» **WHAT THE TASK ASKS**
Look below for the line that has "アメリカ海軍 F/A-18F スーパーホーネット VFA-103"; output exactly from it through the line that has "https://isna.ir/x3gP5X", and leave the pictures out.

» **PROVIDED RECORDS**
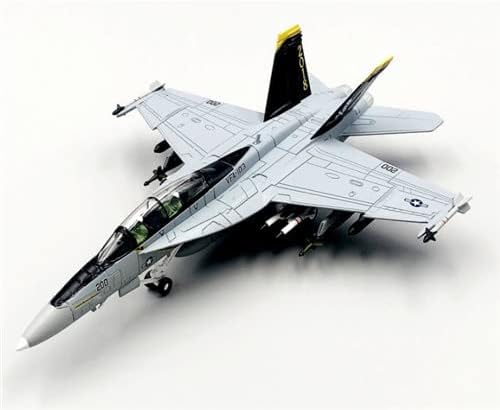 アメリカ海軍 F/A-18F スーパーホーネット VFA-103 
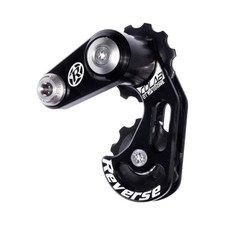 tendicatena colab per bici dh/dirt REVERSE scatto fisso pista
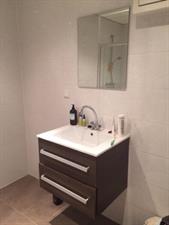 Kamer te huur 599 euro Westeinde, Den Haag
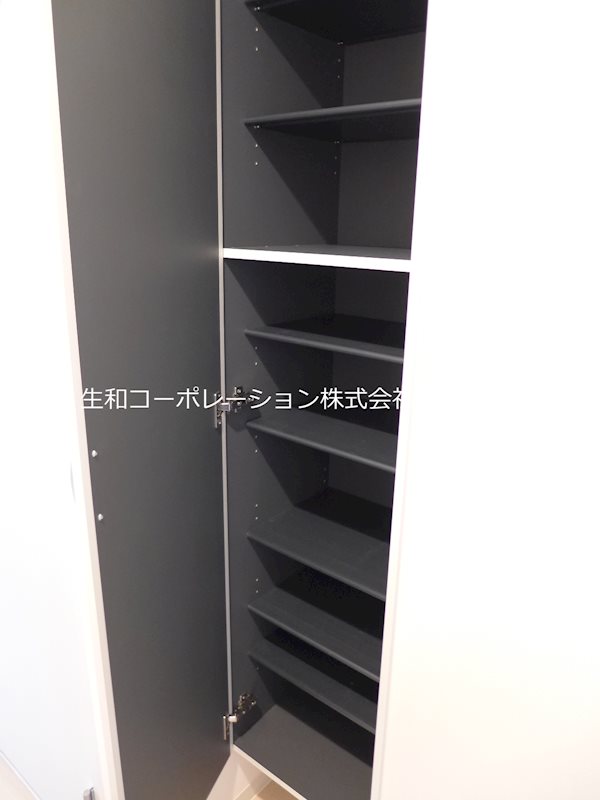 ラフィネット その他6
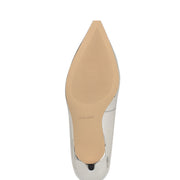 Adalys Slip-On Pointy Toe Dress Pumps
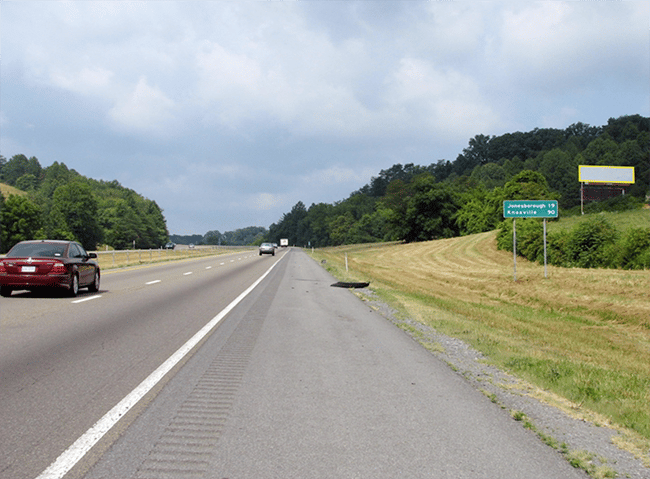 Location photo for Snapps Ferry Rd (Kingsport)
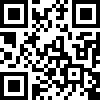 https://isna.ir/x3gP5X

* * *

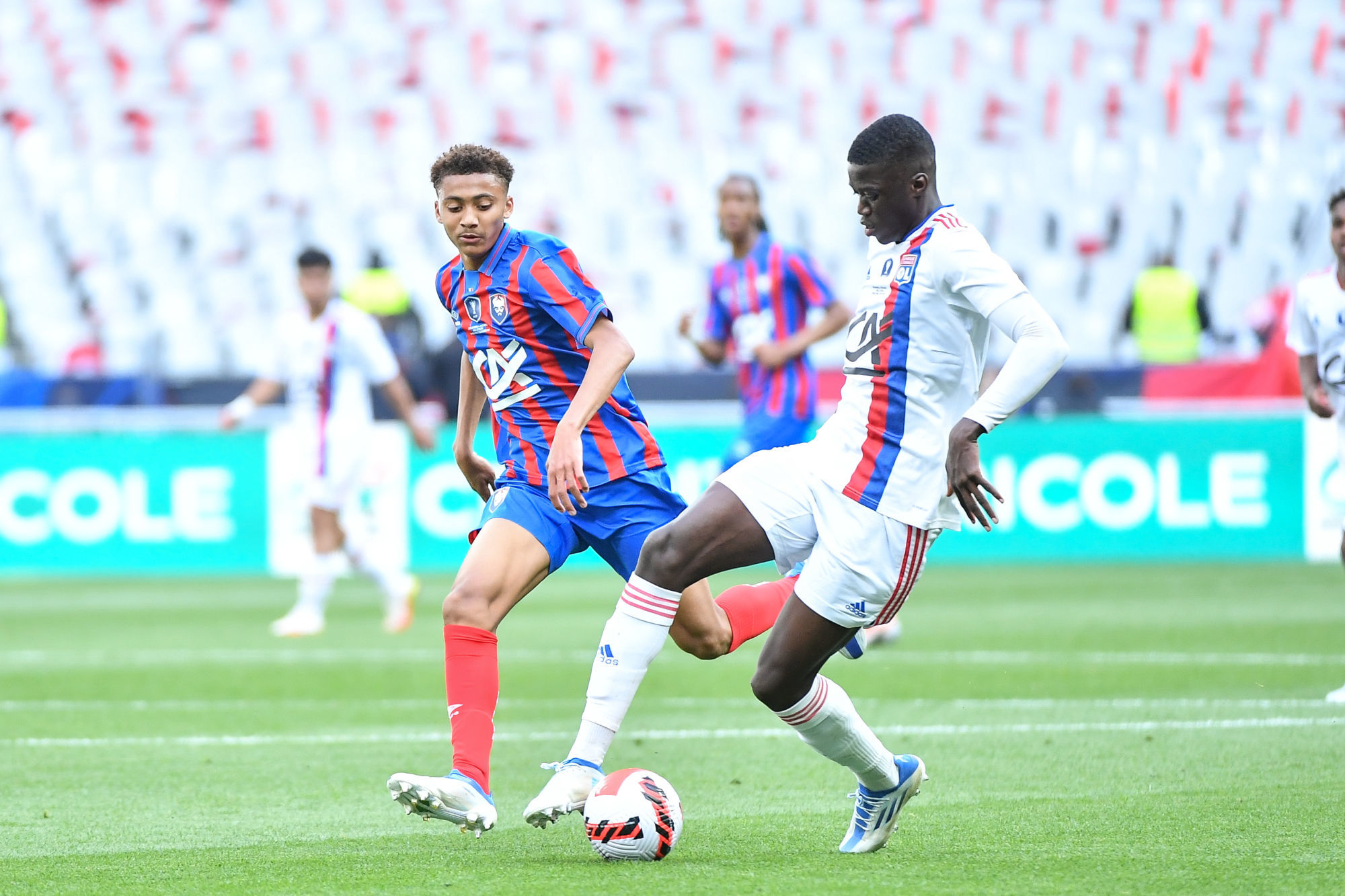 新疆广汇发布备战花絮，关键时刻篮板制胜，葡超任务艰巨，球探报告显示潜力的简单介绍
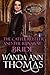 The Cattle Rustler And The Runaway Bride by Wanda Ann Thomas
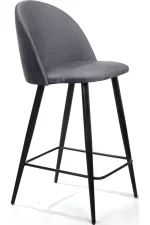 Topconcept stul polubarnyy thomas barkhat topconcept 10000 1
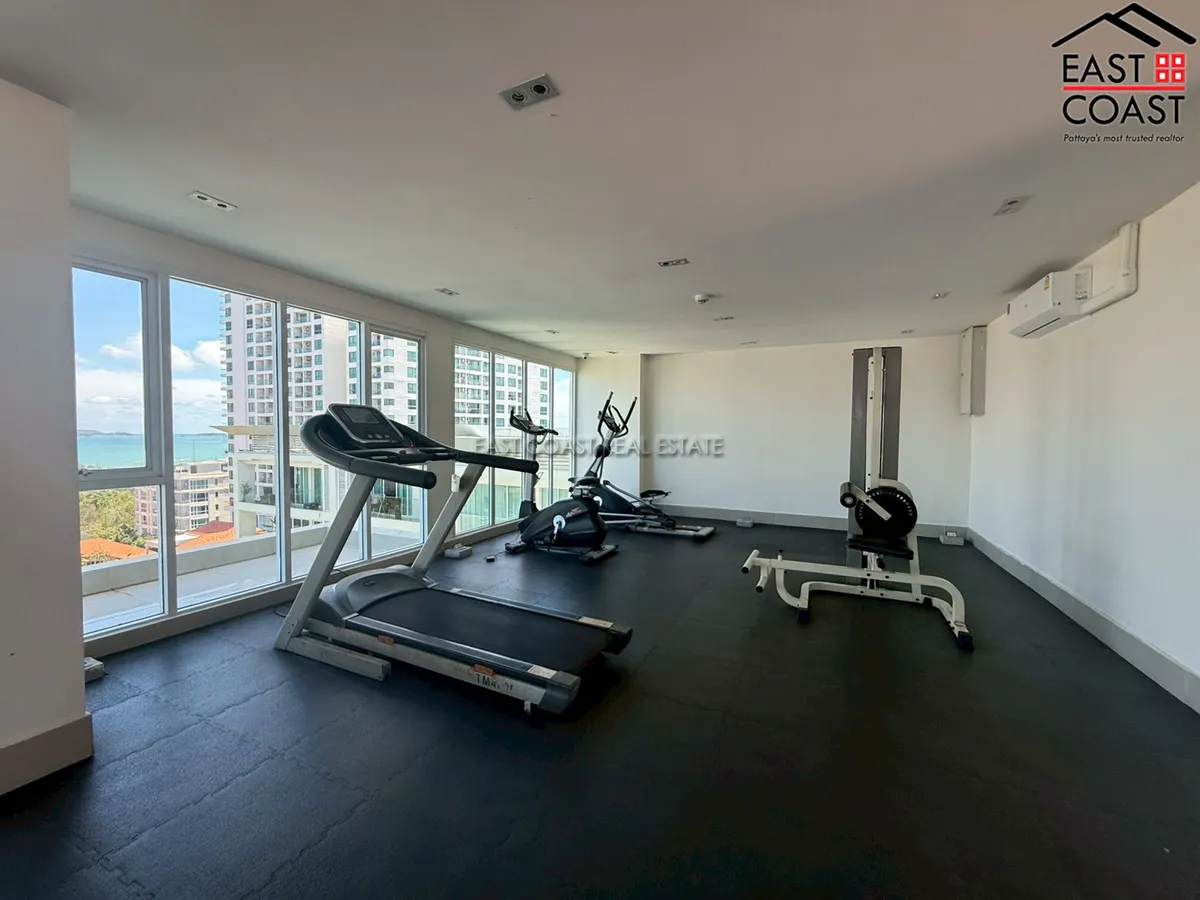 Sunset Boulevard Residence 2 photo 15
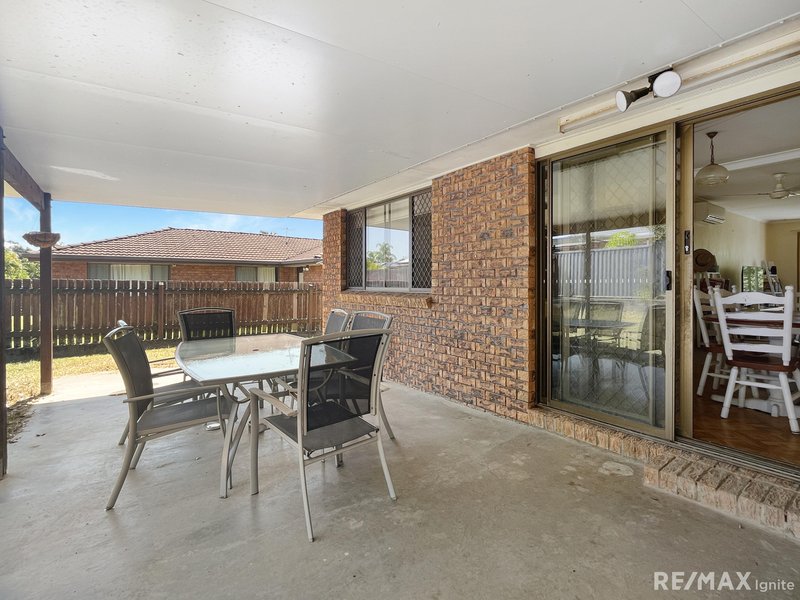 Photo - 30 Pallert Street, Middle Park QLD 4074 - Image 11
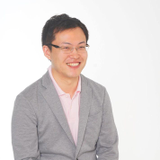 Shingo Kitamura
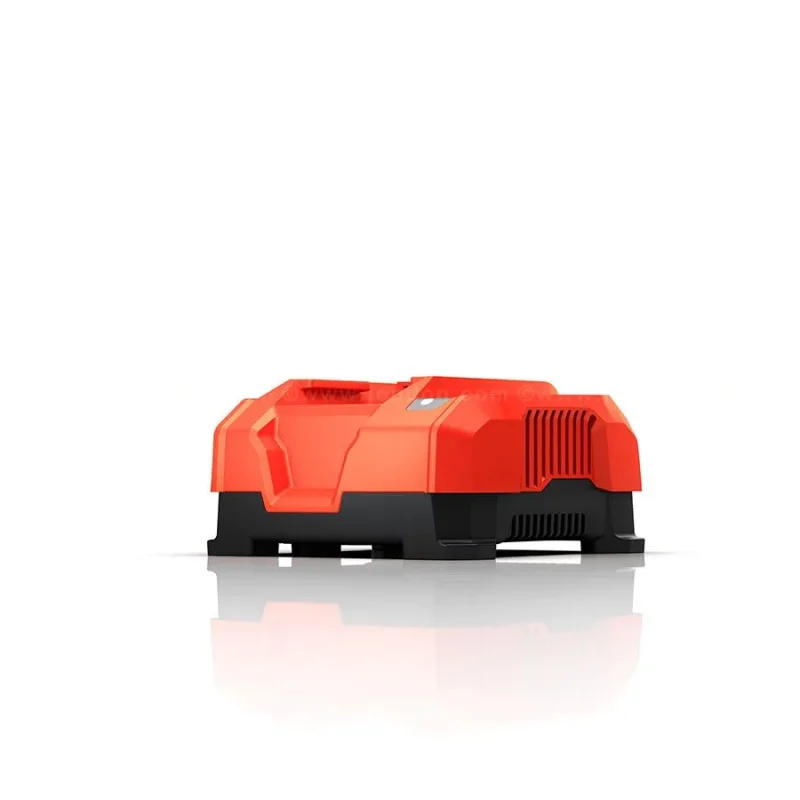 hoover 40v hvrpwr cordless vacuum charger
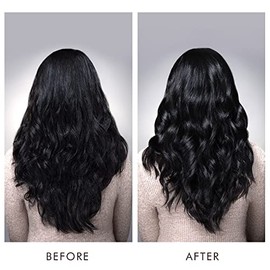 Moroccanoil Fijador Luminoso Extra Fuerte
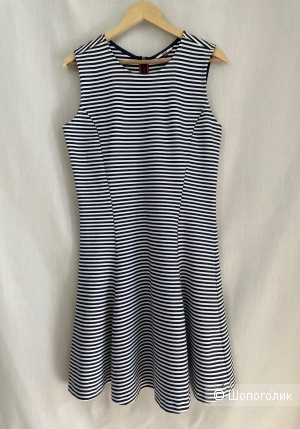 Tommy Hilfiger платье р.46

» **ANSWER**
 アメリカ海軍 F/A-18F スーパーホーネット VFA-103 
 tendicatena colab per bici dh/dirt REVERSE scatto fisso pista
 Kamer te huur 599 euro Westeinde, Den Haag
 ラフィネット その他6
 Adalys Slip-On Pointy Toe Dress Pumps
 Location photo for Snapps Ferry Rd (Kingsport)
 https://isna.ir/x3gP5X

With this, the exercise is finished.